Data to process:
+ + + + +

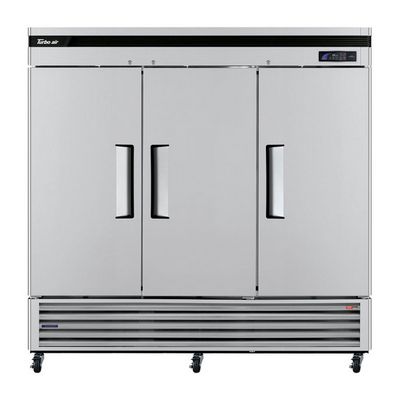 turbo air tsr-72sd reach in refrigerator front view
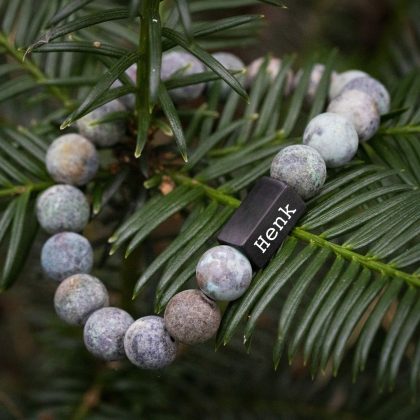 Afrikaanse Matte Turquoise Kralen Armband – 10mm Stenen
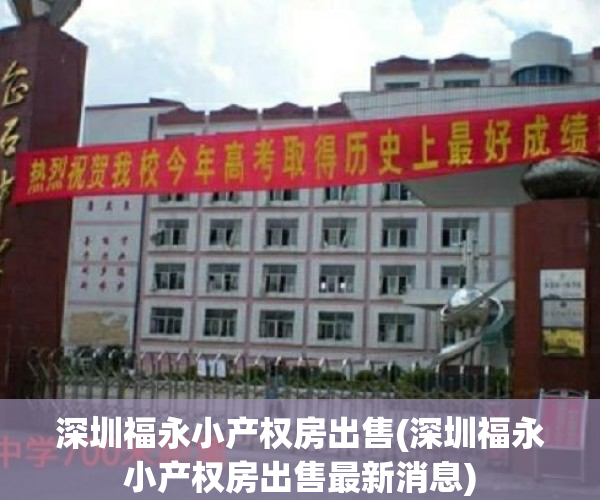 深圳福永小产权房出售(深圳福永小产权房出售最新消息)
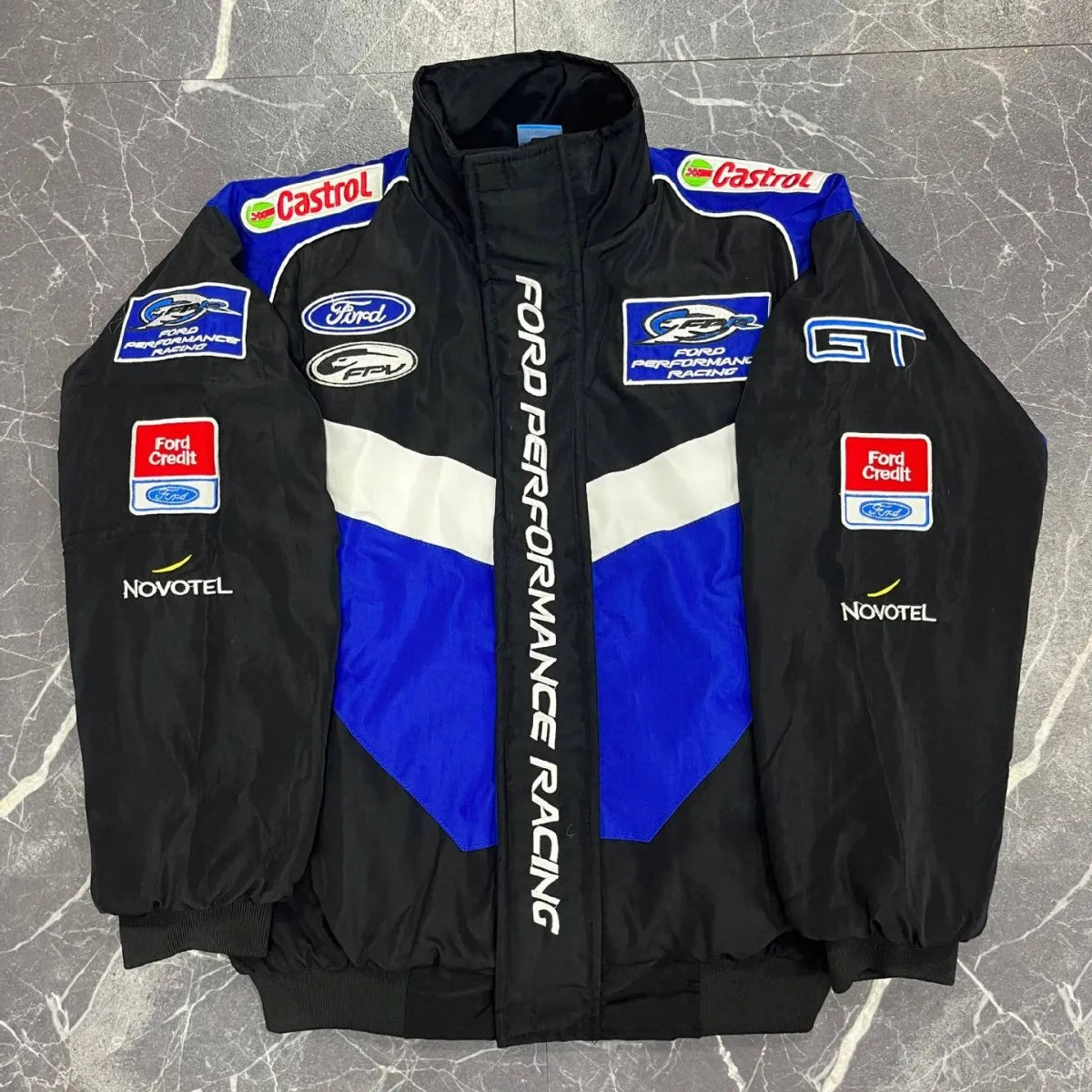 F1 Ford Embroidered Racing Cotton Jacket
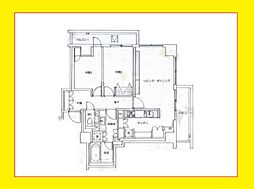 ブランズ六番町 2LDKの間取図画像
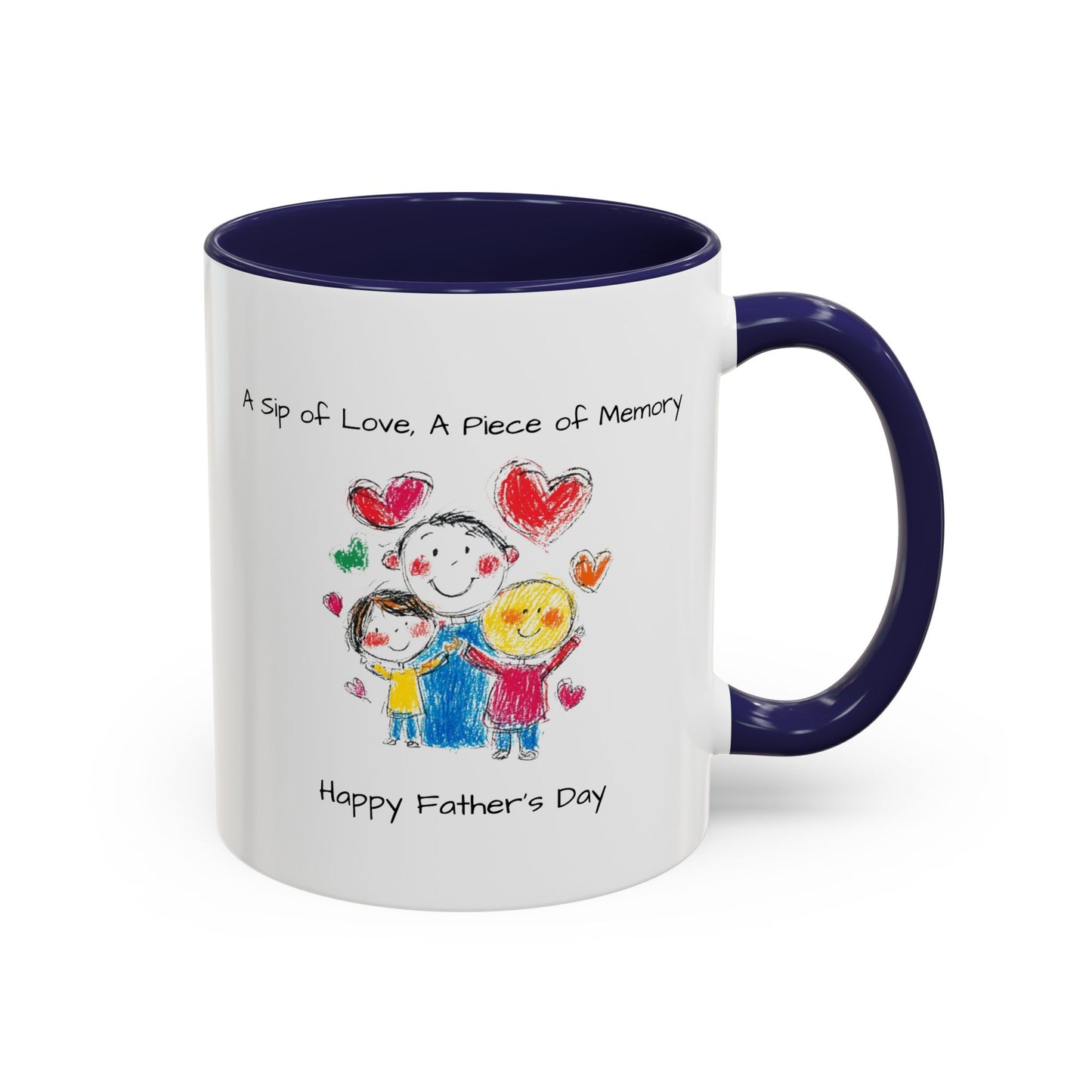 Inspirational Accent Coffee Mug - 11oz, Perfect Gift for Father's Day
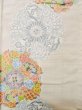 Photo4: L1220K Used Japanese womenPale Light Pink HITOE unlined / Silk. Flower, water wheels pattern  (Grade C) (4)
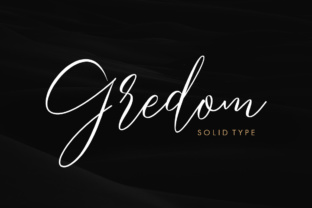 Gredom Script: A Handwritten Font for Makers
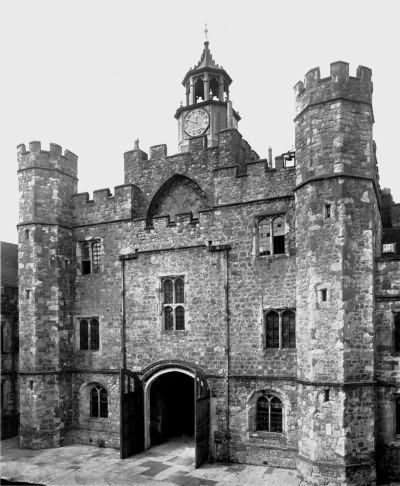 Knole - the gate tower - c 1930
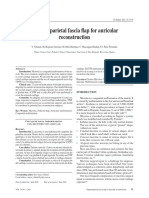 Temporoparietal Fascia Flap For Auricular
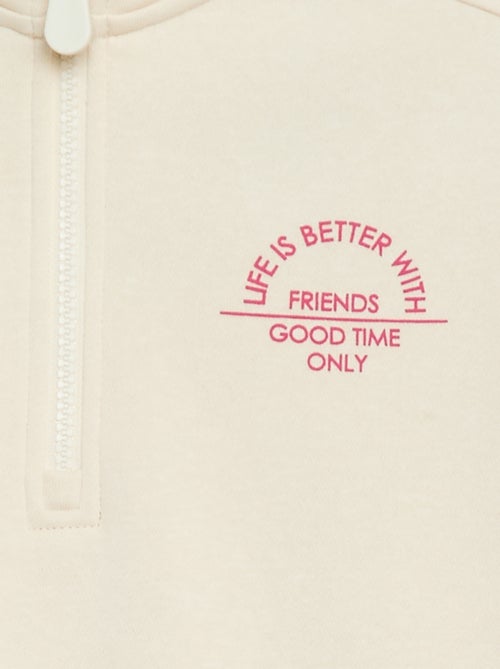 Felpa camionista tinta unita - Kiabi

+ + + + +

What to work on:
All lines from the start of the entries above through the line containing "Inspirational Accent Coffee" are to be given again exactly; the pictures are not.

Response:
 turbo air tsr-72sd reach in refrigerator front view
 Afrikaanse Matte Turquoise Kralen Armband – 10mm Stenen
 深圳福永小产权房出售(深圳福永小产权房出售最新消息)
 F1 Ford Embroidered Racing Cotton Jacket
 ブランズ六番町 2LDKの間取図画像
 Inspirational Accent Coffee Mug - 11oz, Perfect Gift for Father's Day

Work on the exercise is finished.